On Monday, August 9, Mr. Akintola Williams, CBE, CFR, B. Com., FCA, the doyen of accountancy profession in Nigeria, turned 91 and the President of the Institute of Chartered Accountants of Nigeria, Major-General Sebastian Owuama, led a team comprising the Registrar/Chief Executive, Mr. Olutoyin Adepate, and top management staff of the Institute to pay him a surprise visit to congratulate and wish him well.
Due to the demise of his wife last year, the doyen could not be persuaded to celebrate his 90th birthday. Thus, last Monday, the ICAN President presented him with a bouquet of flowers and a birthday card signed by him (ICAN President) and the Registrar/Chief Executive as he turned 91. The celebrant, who was in high spirits, was pleasantly surprised and full of gratitude for the honour done him by his colleagues and members of the Institute he helped to bring into existence 45 years ago.
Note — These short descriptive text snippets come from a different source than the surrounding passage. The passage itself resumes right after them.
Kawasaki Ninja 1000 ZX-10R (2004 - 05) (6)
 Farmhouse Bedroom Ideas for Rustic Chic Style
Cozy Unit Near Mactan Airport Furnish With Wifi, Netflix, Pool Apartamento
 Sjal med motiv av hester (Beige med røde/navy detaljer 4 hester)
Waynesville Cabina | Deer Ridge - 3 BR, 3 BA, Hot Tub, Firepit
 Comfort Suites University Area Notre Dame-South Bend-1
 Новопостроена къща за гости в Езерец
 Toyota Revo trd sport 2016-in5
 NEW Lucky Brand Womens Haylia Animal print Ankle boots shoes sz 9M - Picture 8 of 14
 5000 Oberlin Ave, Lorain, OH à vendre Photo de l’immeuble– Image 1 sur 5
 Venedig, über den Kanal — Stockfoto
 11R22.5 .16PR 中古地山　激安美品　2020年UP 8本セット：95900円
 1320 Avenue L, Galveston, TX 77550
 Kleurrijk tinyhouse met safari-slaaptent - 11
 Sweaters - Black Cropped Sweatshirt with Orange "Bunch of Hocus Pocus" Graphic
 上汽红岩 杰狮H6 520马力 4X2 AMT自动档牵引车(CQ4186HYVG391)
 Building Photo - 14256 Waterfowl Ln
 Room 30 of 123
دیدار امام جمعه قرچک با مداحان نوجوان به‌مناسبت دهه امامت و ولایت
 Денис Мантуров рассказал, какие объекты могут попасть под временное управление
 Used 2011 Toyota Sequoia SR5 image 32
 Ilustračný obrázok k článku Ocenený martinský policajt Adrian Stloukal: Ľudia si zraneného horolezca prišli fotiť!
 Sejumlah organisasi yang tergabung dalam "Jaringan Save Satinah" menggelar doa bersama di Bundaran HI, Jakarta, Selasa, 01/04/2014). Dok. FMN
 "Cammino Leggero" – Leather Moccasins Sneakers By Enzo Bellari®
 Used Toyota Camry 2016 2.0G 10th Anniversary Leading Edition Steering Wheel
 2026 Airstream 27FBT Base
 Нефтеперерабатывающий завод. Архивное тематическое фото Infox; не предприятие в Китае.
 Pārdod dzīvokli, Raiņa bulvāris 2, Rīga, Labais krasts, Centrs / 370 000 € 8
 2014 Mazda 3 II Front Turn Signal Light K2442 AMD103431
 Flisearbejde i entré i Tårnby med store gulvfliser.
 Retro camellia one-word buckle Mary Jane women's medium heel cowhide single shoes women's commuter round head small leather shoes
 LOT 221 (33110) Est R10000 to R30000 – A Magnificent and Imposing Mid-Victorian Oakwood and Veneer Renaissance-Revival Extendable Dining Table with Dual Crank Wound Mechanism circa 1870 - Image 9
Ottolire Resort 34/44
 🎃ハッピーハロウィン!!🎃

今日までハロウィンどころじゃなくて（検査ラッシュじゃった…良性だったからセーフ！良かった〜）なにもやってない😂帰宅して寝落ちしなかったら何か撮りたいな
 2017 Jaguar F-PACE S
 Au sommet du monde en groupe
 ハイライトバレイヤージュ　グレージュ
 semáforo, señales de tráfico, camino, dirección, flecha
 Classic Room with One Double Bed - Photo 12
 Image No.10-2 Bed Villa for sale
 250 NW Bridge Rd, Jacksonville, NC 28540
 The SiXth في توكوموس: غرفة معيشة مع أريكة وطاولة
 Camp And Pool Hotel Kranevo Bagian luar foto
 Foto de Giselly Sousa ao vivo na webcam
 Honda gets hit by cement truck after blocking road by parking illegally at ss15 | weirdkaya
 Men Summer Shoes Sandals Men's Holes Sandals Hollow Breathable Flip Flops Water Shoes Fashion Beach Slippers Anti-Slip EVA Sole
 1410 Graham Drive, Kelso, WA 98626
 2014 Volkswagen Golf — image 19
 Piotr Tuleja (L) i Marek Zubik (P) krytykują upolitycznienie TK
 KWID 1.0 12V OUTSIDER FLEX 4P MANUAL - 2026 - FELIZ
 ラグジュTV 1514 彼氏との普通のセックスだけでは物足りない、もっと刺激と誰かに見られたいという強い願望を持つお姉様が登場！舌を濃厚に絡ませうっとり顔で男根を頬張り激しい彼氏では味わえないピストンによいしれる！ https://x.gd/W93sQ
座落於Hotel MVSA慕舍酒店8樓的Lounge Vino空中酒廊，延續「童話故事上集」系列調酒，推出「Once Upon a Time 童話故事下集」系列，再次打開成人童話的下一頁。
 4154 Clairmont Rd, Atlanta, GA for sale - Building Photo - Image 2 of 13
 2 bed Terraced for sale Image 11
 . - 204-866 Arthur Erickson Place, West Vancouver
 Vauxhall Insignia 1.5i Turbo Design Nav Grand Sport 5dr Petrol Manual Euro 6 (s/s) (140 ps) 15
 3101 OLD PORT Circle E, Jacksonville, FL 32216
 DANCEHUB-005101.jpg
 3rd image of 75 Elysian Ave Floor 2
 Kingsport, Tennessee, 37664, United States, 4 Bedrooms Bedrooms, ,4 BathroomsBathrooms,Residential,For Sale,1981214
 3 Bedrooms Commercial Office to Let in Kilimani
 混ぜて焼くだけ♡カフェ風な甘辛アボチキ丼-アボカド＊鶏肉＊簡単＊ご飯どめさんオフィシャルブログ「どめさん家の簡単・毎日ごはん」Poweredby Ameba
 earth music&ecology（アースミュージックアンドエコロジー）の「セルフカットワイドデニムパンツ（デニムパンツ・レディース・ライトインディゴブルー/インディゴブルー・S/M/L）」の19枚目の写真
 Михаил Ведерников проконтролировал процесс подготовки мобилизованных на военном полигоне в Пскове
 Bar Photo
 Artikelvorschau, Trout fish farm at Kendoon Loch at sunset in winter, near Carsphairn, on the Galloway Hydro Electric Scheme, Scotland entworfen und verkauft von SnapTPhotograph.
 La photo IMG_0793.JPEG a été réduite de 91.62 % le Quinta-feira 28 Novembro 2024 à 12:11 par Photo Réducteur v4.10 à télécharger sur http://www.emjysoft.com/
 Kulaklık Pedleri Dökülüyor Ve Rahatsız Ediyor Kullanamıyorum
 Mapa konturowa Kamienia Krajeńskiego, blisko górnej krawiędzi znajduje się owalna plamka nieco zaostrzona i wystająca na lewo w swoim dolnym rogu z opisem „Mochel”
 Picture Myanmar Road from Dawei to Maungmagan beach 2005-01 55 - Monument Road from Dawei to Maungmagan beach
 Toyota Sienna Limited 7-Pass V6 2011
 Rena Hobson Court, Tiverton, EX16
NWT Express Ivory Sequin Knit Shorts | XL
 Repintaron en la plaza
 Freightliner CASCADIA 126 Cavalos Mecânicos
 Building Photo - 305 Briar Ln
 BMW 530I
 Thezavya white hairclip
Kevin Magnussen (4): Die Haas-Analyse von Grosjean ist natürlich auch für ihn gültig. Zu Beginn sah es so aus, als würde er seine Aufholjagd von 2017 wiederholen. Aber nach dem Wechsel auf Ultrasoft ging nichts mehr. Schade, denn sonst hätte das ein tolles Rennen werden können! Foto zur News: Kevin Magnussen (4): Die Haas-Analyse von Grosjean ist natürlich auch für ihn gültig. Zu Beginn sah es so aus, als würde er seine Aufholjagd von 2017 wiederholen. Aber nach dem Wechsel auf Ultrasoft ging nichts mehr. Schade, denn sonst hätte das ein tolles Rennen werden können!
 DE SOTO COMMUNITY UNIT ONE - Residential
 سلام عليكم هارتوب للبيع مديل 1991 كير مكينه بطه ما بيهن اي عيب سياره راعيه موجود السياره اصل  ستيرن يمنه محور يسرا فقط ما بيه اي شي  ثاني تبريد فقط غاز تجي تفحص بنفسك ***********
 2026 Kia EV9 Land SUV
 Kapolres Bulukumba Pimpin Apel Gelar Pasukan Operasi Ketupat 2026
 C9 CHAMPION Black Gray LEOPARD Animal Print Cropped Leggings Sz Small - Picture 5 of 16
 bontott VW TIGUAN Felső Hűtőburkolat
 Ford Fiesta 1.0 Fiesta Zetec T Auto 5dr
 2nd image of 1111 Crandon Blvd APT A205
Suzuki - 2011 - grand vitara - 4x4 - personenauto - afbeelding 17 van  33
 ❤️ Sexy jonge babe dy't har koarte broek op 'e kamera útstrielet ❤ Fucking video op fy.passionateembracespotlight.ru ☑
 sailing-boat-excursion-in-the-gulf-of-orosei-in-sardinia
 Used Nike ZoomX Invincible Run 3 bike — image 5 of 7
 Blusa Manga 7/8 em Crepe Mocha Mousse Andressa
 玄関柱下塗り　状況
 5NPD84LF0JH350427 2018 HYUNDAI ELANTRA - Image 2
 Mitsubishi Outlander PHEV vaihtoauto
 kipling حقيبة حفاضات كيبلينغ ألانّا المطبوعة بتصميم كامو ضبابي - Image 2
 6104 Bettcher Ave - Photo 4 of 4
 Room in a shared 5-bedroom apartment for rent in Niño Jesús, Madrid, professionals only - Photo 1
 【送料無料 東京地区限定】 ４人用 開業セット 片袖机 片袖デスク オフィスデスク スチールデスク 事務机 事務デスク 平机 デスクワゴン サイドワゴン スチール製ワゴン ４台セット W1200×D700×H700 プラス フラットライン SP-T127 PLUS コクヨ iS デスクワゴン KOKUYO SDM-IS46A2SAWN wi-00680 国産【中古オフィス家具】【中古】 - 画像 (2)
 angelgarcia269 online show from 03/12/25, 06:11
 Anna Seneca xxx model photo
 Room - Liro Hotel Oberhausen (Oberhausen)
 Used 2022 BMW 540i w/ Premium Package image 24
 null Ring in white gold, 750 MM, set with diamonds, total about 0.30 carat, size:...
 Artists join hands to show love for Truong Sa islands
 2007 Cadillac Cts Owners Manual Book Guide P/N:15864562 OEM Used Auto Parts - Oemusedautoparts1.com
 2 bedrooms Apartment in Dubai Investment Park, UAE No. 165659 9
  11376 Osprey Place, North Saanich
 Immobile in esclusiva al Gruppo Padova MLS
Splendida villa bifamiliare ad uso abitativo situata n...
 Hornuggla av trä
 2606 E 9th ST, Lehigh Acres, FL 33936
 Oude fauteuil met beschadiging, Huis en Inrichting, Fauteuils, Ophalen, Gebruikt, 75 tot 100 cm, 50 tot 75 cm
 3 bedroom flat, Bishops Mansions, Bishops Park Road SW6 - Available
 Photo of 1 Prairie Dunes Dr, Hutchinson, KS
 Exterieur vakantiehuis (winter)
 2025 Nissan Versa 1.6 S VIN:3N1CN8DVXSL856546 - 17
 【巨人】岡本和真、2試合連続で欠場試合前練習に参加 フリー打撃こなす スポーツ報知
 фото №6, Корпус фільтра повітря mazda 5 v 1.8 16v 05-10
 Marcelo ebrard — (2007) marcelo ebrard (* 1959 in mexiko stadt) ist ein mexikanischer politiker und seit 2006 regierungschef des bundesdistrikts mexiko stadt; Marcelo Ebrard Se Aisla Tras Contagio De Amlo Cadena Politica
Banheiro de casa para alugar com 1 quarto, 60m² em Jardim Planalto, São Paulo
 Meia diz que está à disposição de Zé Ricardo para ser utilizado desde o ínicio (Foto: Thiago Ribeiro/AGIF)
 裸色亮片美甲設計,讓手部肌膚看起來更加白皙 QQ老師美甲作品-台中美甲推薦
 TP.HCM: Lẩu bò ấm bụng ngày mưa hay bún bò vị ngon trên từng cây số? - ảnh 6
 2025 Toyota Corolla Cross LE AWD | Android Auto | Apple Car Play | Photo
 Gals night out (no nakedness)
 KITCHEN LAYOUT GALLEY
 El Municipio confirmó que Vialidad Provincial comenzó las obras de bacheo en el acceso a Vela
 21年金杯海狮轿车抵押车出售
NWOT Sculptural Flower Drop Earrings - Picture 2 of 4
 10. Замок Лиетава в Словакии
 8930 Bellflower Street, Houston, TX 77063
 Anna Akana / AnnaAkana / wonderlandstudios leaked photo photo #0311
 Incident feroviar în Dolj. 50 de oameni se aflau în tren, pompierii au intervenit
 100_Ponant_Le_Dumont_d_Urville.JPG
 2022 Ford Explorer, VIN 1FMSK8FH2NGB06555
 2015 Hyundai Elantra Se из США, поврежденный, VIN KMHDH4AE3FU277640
Williams is Nigeria‘s first, if not the first black African Chartered Accountant. He is a distinguished, shrewd and experienced professional accountant who, as the pioneer of the accountancy profession in Nigeria, has made outstanding contributions both to the profession and the nation‘s economy.
Born in Lagos on August 9, 1919, Williams started his formal education in 1928 at the Baptist Academy, Lagos. The successful completion of his secondary education at the CMS Grammar School in 1938 paved the way for his entry, the following year, into the only tertiary institution in the country – Yaba Higher College.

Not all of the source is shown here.